One can consider a uniform measure on any periodic orbit. There are also singular, atomless invariant measures. For example, the "uniform" measure on the usual middle-third Cantor set is invariant under $\times 3$. All this is pretty explicit and I'm fine with it. But I also heard about a thermodynamical formalism that yield many invariant measures; Bowen's lecture note are on my desk but it does not seem to answer my question, which is the following: what do these measures look like? What is their support? I guess that we cannot answer this for all invariant measures, but maybe for some of them less trivial than the atomic and easy Cantor ones.
Other question: Cantor measures are easily constructed for all $\times d$, $d>2$, but I cannot really get one for $d=2$. Am I clumsy or is there something special to this case?
Best Answer
If you do the Cantor measure construction for d=2, you just get Lebesgue measure... so it's a little bit special.
There are lots of fully supported invariant measures for the map $\times d$: the thermodynamic formalism that you mention gives you a whole zoo of them. In particular, if $\phi\colon [0,1]\to \mathbb{R}$ is any Hölder continuous function, then there is a unique "equilibrium state" for $\phi$, which is a probability measure $\mu_\phi$. This measure can be shown to have a certain Gibbs property, which in particular implies that it has full support -- it gives positive measure to every open set in $[0,1]$.
The easiest of these to think about are the Bernoulli measures.
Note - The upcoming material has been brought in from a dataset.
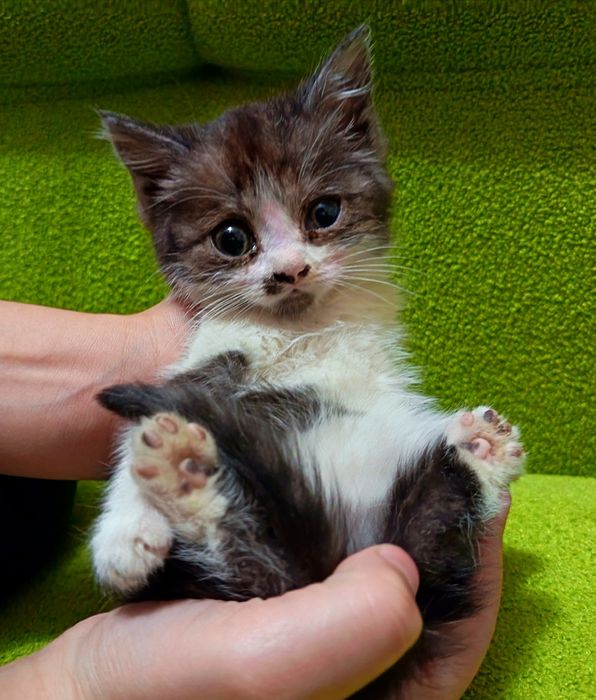 Отдам котёнка девочка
Given a sequence $x_1 x_2 \cdots x_n$ where $x_i \in \{0,1,\dots,d-1\}$, consider the interval $$ C(x_1 x_2 \cdots x_n) = [x_1 d^{-1} + x_2 d^{-2} + \cdots + x_n d^{-n}, x_1 d^{-1} + x_2 d^{-2} + \cdots + (x_n+1) d^{-n}]. $$ These generate the $\sigma$-algebra of Borel sets, so given any probability vector $\mathbf{p} = (p_1,\dots,p_d)$, we can define an invariant measure $\mu_{\mathbf{p}}$ by $$ \mu_{\mathbf{p}}(C(x_1 \cdots x_n)) = p_{x_1} p_{x_2} \cdots p_{x_n}. $$ These are equilibrium states for potential functions that are constant on the $d$ intervals $C(x_1)$. Potential functions that are constant on intervals $C(x_1 \cdots x_n)$ for some $n$ yield Markov measures as equilibrium states, and these can also be described quite explicitly.
All these measures are invariant under the $\times d$ map, fully supported on the interval, ergodic, and non-atomic.
See this answer for a little bit more on Markov measures, and this one for some other invariant measures that are ergodic, non-atomic, and fully supported, but have zero entropy. It's worth pointing out that pretty much anything you say about invariant measures for the shift map $\sigma\colon \Sigma_d^+ \to \Sigma_d^+$ (here $\Sigma_d^+ = \{0,\dots,d-1\}^{\mathbb{N}}$) can be translated into a statement about invariant measures for the $\times d$ map, since the two are topologically conjugate on a total probability set -- that is, a set that is given full weight by every invariant measure.